Material provided Start Marker

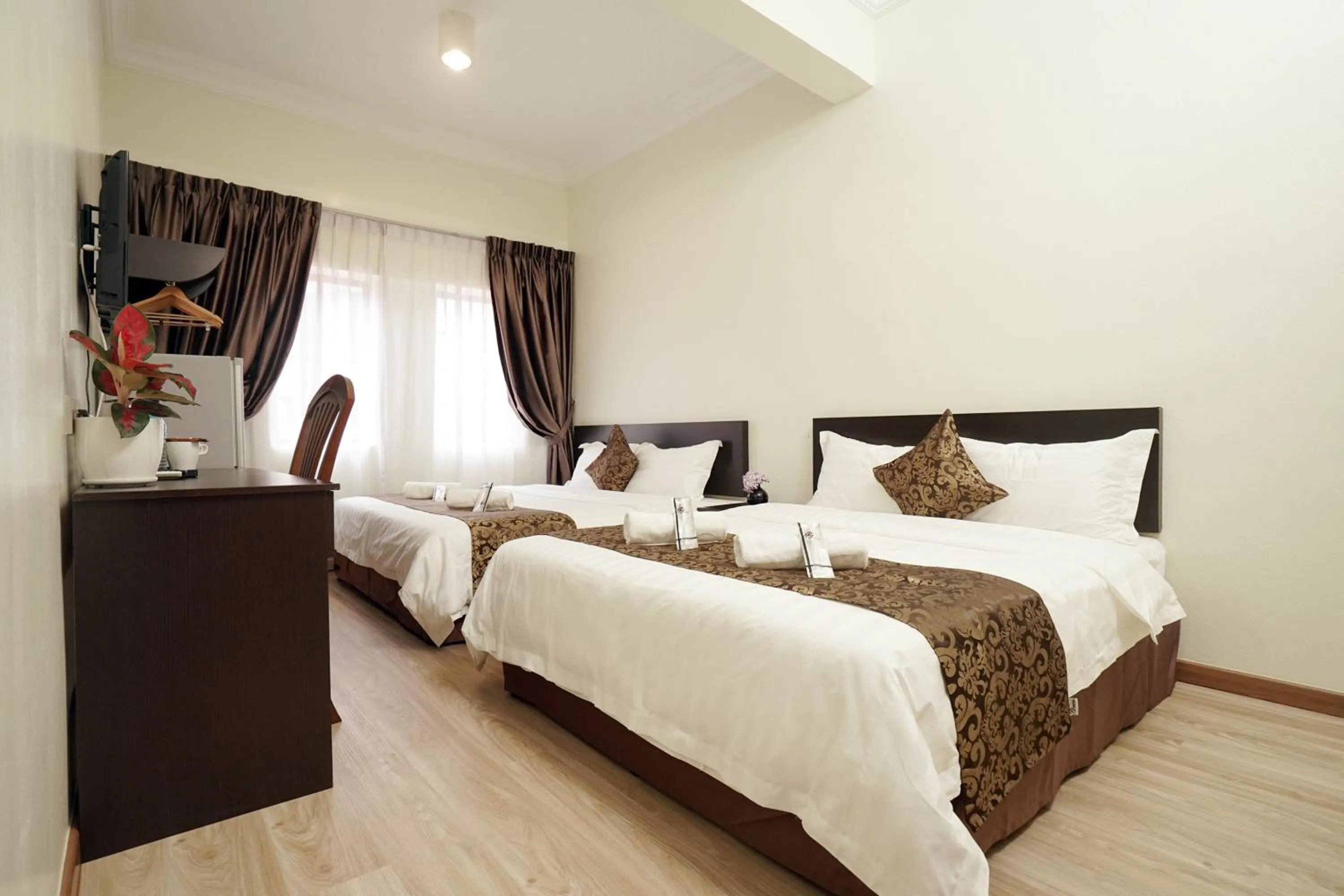 Photo of the whole room, Bed in RJ Hotel Kulai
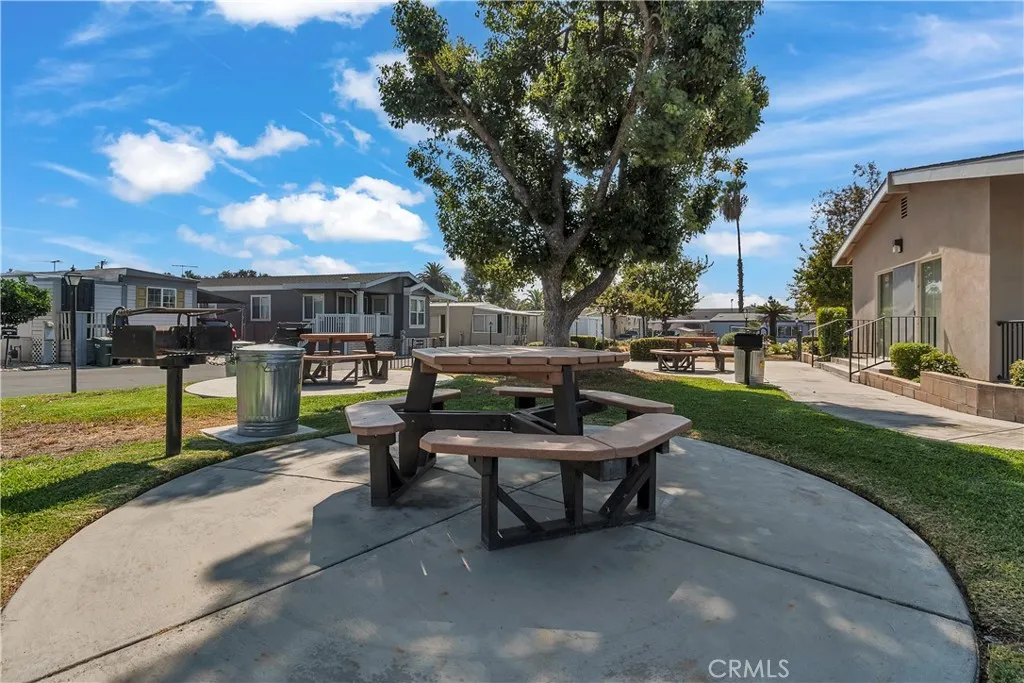301 East Foothill Boulevard, Unit 34 Pomona, CA 91767 - Photo 19 of 35 a swimming pool with outdoor seating and a garden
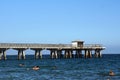 People swimming in front of a pier in Fort Lauderdale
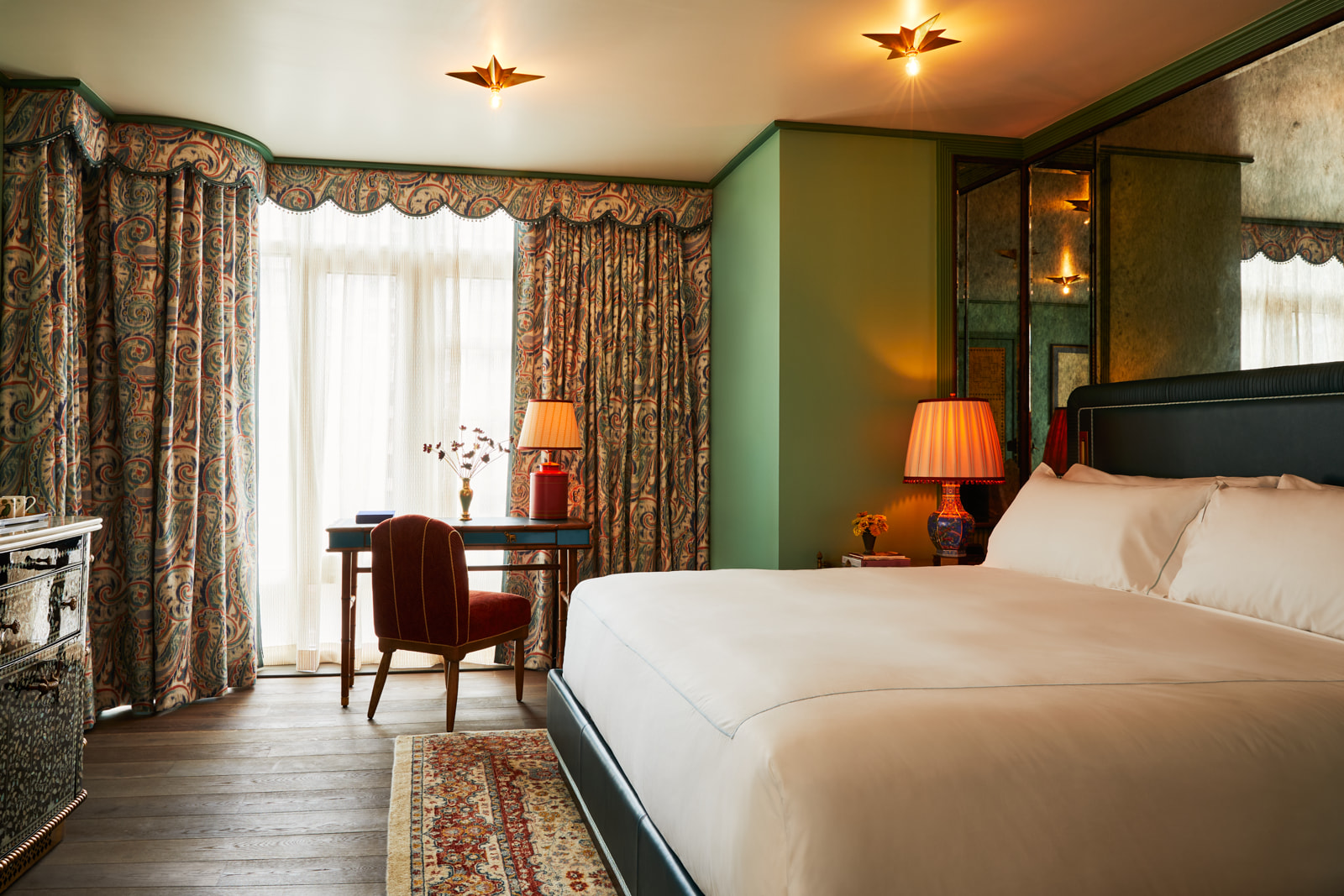 Tastefully arranged bedroom with pristine bed, table with a chair by the window, adorned with golden lighting.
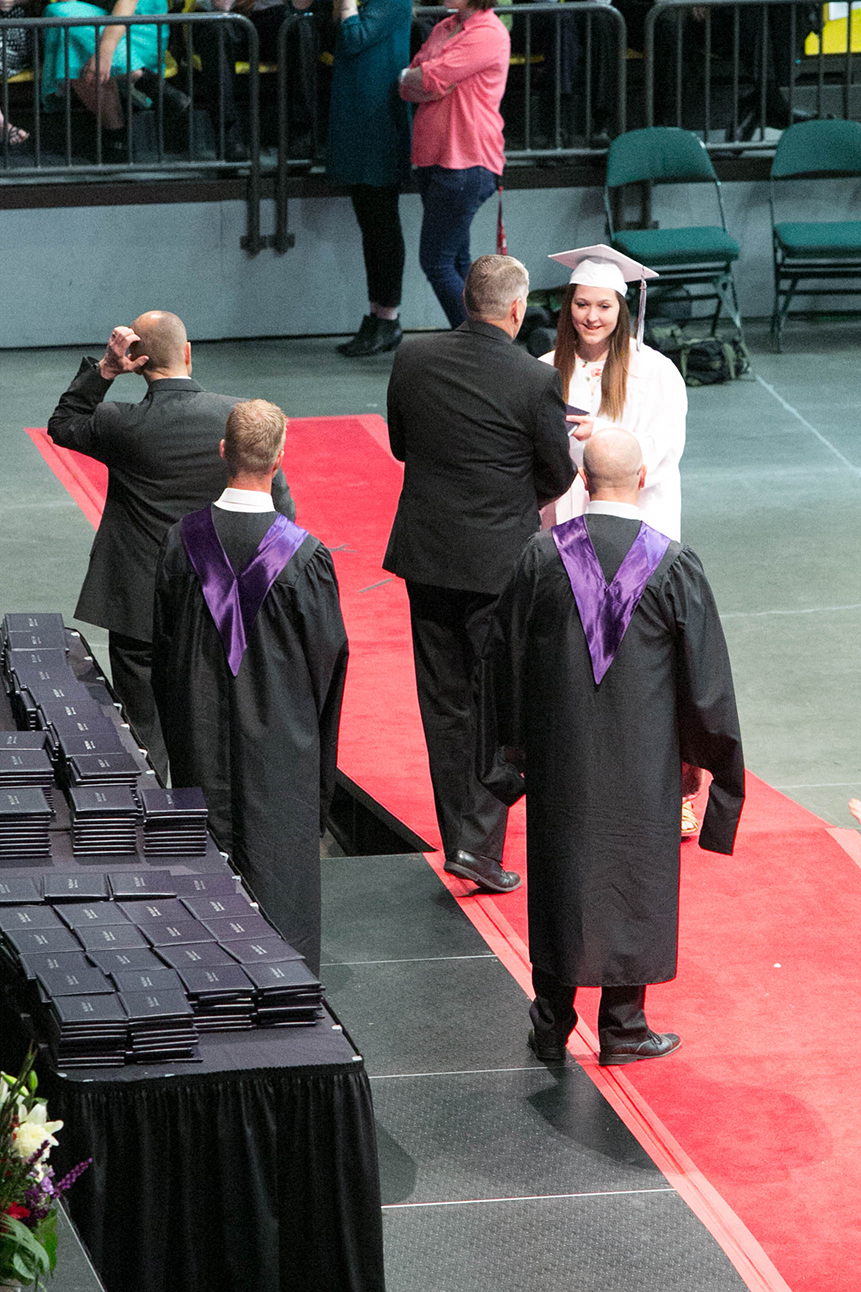 Heather Nielsen receives her diploma from Scott Carlson. Photo: Kaye Collins
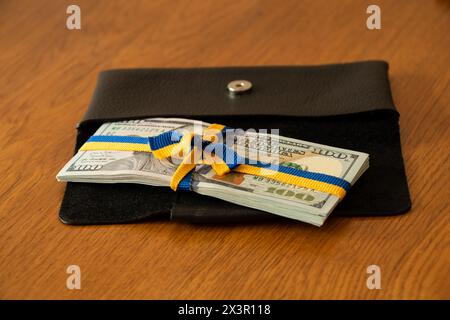 Ein Band in Form der Flagge der Ukraine, gebunden mit einer Schleife auf einem Stapel von hundert Dollarscheine liegt in einer Geldbörse auf dem Tisch, finanzielle Hilfe Stockfoto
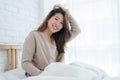 Happy beautiful young Asian woman waking up in morning, sitting on bed, stretching in cozy bedroom, looking through window. Royalty Free Stock Photo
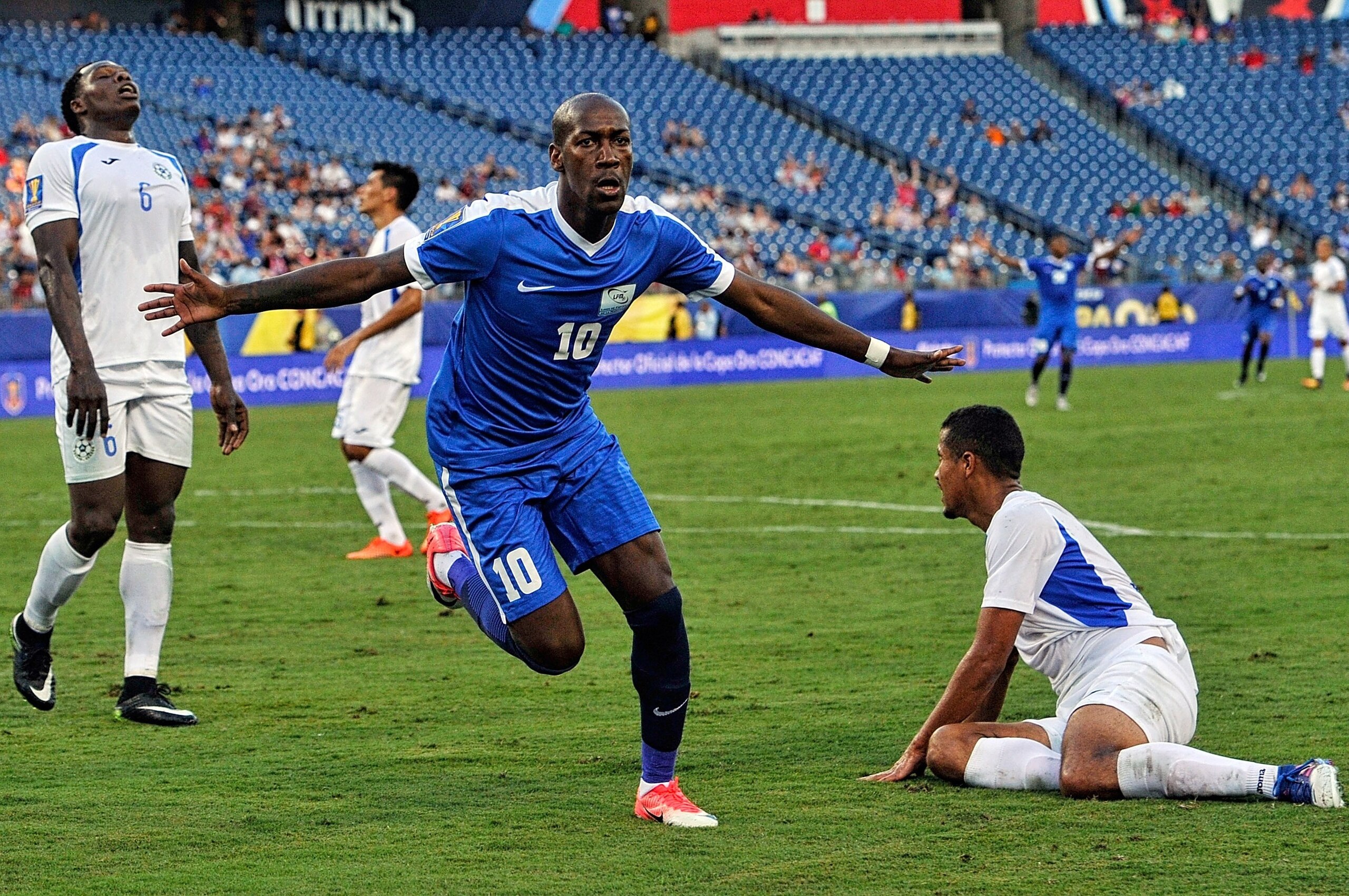 NASHVILLE, TN - JULY 08:  Steeven Langil #10 of Martinique celebrates after scoring a goal against Nicaragua during the second half of a CONCACAF Gold Cup Soccer match at Nissan Stadium on July 8, 2017 in Nashville, Tennessee.  (Photo by Frederick Breedon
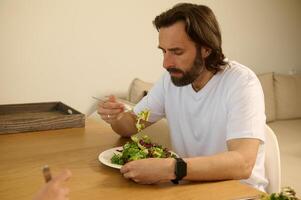 Man Enjoying a Healthy Salad Meal in a Cozy Home Setting photo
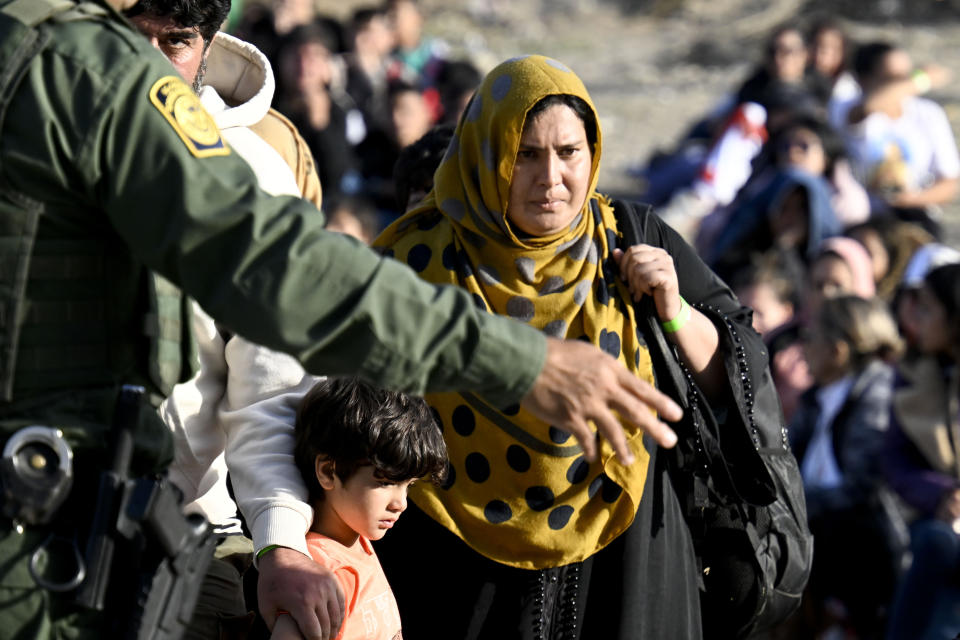 FILE - An asylum-seeker carries her baby past U.S. Border Patrol agents as they wait between the double fence along the U.S.-Mexico border near Tijuana, Mexico, Monday, May 8, 2023, in San Diego. As President Joe Biden's administration prepares for the end of asylum restrictions related to the COVID-19 pandemic, it is offering some new legal options for people — especially families — to come to the United States. The administration said it will admit at least 100,000 Latin Americans seeking to reunite with family members in the United States, but has released almost no details. (AP Photo/Denis Poroy, File)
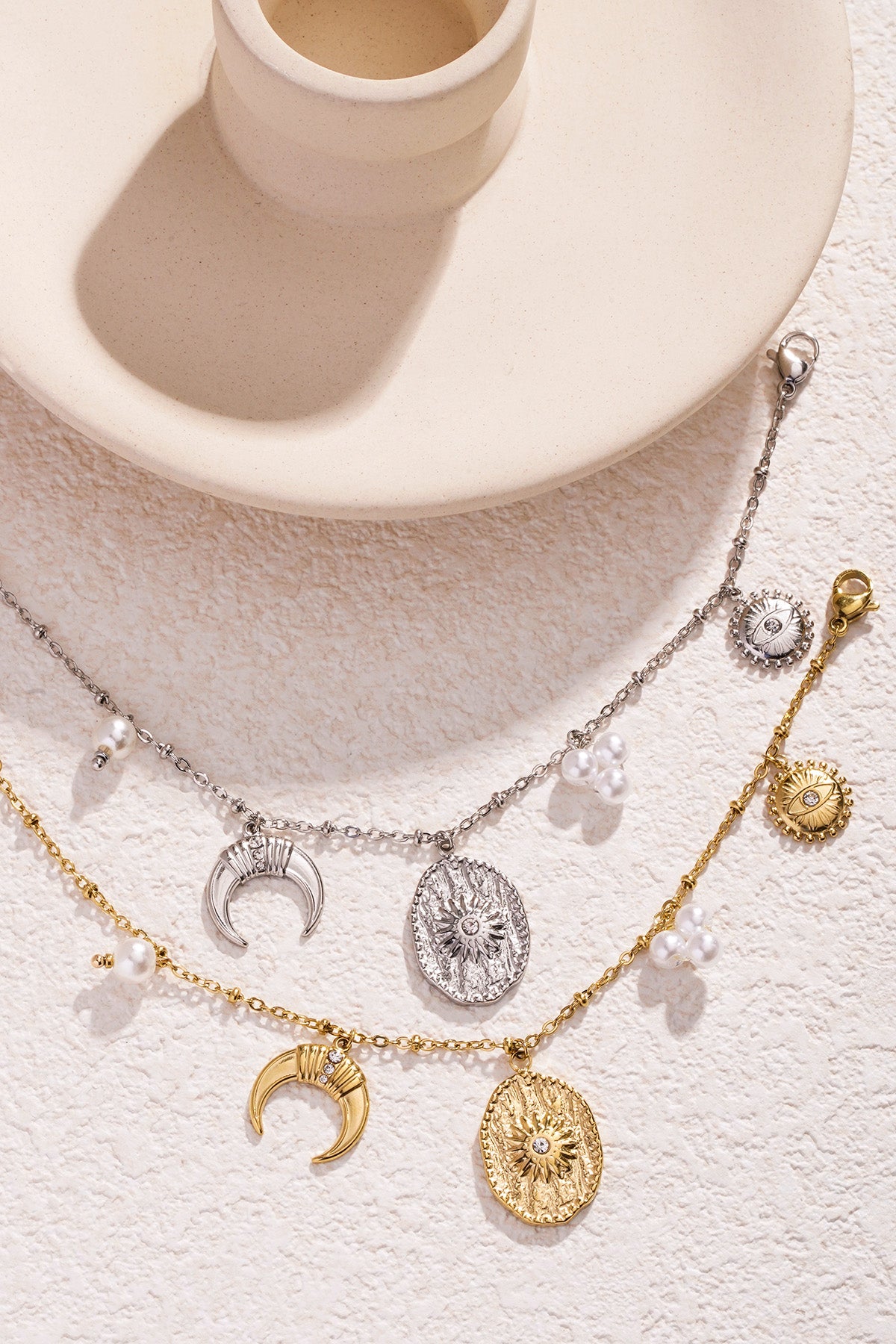 Gold and silver charm bracelets arranged on light stone backdrop near decorative ceramic piece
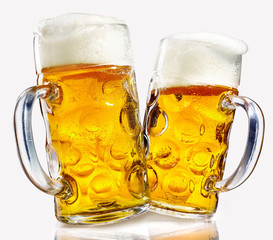 Two glass beer mugs full of golden lager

Material provided End Marker

:: The task ::
Begin at the line containing "Heather Nielsen receives" and transcribe exactly every line through the end of the records, both ends included, leaving the pictures out.

:: Solution below ::
 Heather Nielsen receives her diploma from Scott Carlson. Photo: Kaye Collins
 Ein Band in Form der Flagge der Ukraine, gebunden mit einer Schleife auf einem Stapel von hundert Dollarscheine liegt in einer Geldbörse auf dem Tisch, finanzielle Hilfe Stockfoto
 Happy beautiful young Asian woman waking up in morning, sitting on bed, stretching in cozy bedroom, looking through window. Royalty Free Stock Photo
 NASHVILLE, TN - JULY 08:  Steeven Langil #10 of Martinique celebrates after scoring a goal against Nicaragua during the second half of a CONCACAF Gold Cup Soccer match at Nissan Stadium on July 8, 2017 in Nashville, Tennessee.  (Photo by Frederick Breedon
 Man Enjoying a Healthy Salad Meal in a Cozy Home Setting photo
 FILE - An asylum-seeker carries her baby past U.S. Border Patrol agents as they wait between the double fence along the U.S.-Mexico border near Tijuana, Mexico, Monday, May 8, 2023, in San Diego. As President Joe Biden's administration prepares for the end of asylum restrictions related to the COVID-19 pandemic, it is offering some new legal options for people — especially families — to come to the United States. The administration said it will admit at least 100,000 Latin Americans seeking to reunite with family members in the United States, but has released almost no details. (AP Photo/Denis Poroy, File)
 Gold and silver charm bracelets arranged on light stone backdrop near decorative ceramic piece
 Two glass beer mugs full of golden lager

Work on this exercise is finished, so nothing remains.